When some time had passed, and the eldest son for month after month did not come back home, the second set out, wishing to find the Golden Bird. The Fox met him as he had met the eldest, and gave him the good advice of which he took no heed. He came to the two inns, and his brother was standing at the window of the one from which came the music, and called out to him. He could not resist, but went inside and lived only for pleasure.

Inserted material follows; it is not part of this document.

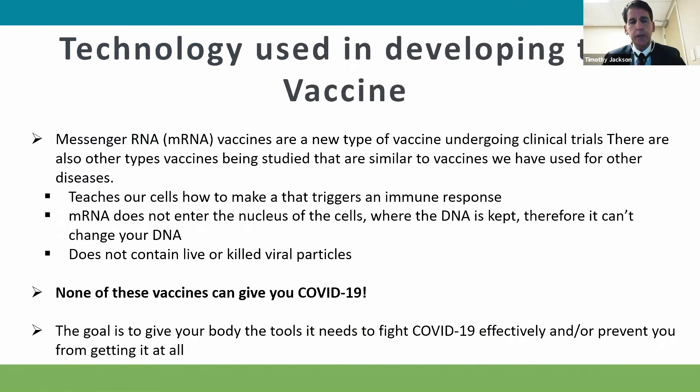The technology used in developing this vaccine uses a messenger RNA, which is information in the virus that helps to stimulate an immune response in our bodies to form antibodies, so that if our body is exposed to the virus, we can neutralize the virus and avoid infection and transmission to other people.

Again some time passed, and then the King's youngest son wanted to set off and try his luck, but his father would not allow it. "It is of no use," said he, "he will find the Golden Bird still less than his brothers, and if a mishap were to befall him he knows not how to help himself; he is a little wanting at the best." But at last, as he had no peace, he let him go.

Again the Fox was sitting outside the wood, and begged for his life, and offered his good advice. The youth was good-natured, and said, "Be easy, little Fox, I will do you no harm." "You shall not repent it," answered the Fox; "and that you may get on more quickly, get up behind on my tail." And scarcely had he seated himself when the Fox began to run, and away he went over stock and stone till his hair whistled in the wind. When they came to the village the youth got off; he followed the good advice, and without looking round turned into the little inn, where he spent the night quietly.